自噬
白色念珠菌
肌醇
细胞生物学
白色体
DNA损伤
生物
液泡
生物化学
DNA
化学
微生物学
受体
细胞质
细胞凋亡
作者
Huan‐Feng Duan,Yixuan Dong,Hangqi Zhu,Ying Deng,Chula Sa,Qilin Yu,Mingchun Li
标识
DOI:10.1016/j.bbamcr.2023.119622
摘要
DNA damage-induced autophagy is a new type of autophagy that differs from traditional macroautophagy; however, this type of autophagy has not been identified in the pathogenic fungus Candida albicans. Inositol polyphosphates are involved in the regulation of DNA damage repair and macroautophagy; however, whether inositol polyphosphates are involved in the regulation of DNA damage-induced autophagy remains unclear. In this study, we identified DNA damage-induced autophagy in C. albicans and systematically investigated the mechanisms of inositol polyphosphate pathway regulation.

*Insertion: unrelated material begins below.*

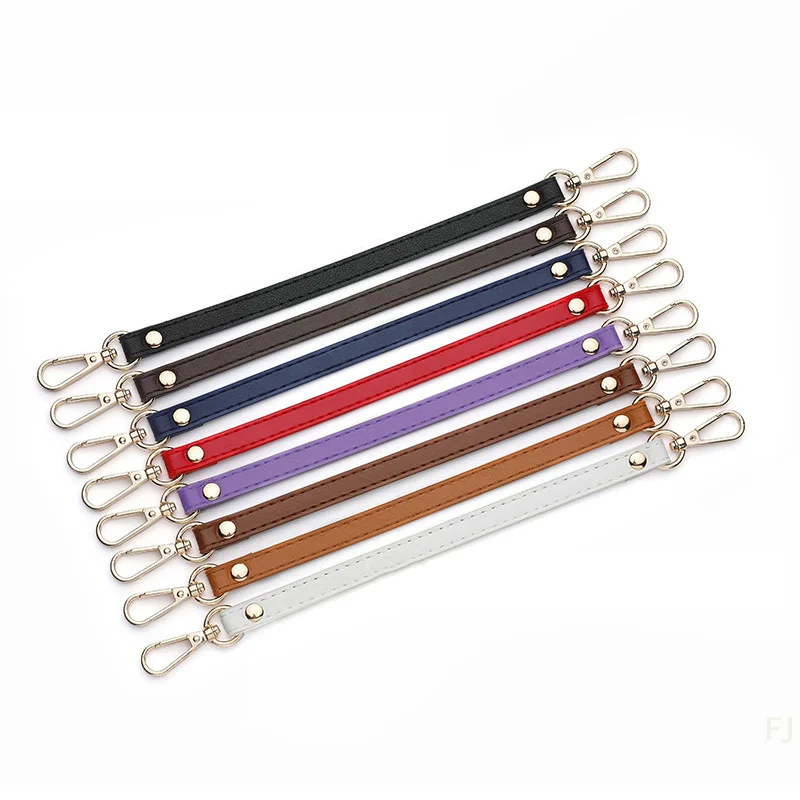 

[YU]Adjustable PU Leather Bag Strap Women's Shoulder Bag Strap Crossbody Bag Accessory Replacement Bag Strap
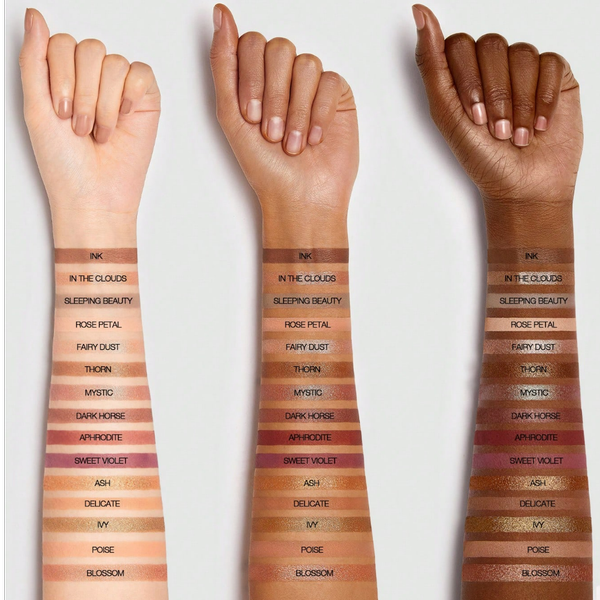پالت سایه 15 رنگ شیگلم sheglam eyeshadow palette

We found that the core machinery of macro autophagy is also essential for DNA damage-induced autophagy, and that inositol polyphosphate synthetases Kcs1, Ipk1, and Vip1 play a critical role in autophagy. In this study, we focused on Kcs1 and Vip1, which are responsible for the synthesis of inositol pyrophosphate. The kcs1Δ/Δ and vip1Δ/Δ strains exhibited reduced number of phagophore assembly sites (PAS) and autophagic bodies. The recruitment of autophagy-related gene 1 (Atg1) to PAS was significantly affected in the kcs1Δ/Δ and vip1Δ/Δ strains. Target of rapamycin complex 1 kinase activity was elevated in kcs1Δ/Δ and vip1Δ/Δ strains, which significantly inhibited the initiation of autophagy. Atg18 Localization was altered in these mutants. The absence of Kcs1 or Vip1 caused the downregulation of RAD53, a key gene in the DNA damage response. These data provide further understanding of the mechanism of autophagy regulation in C. albicans.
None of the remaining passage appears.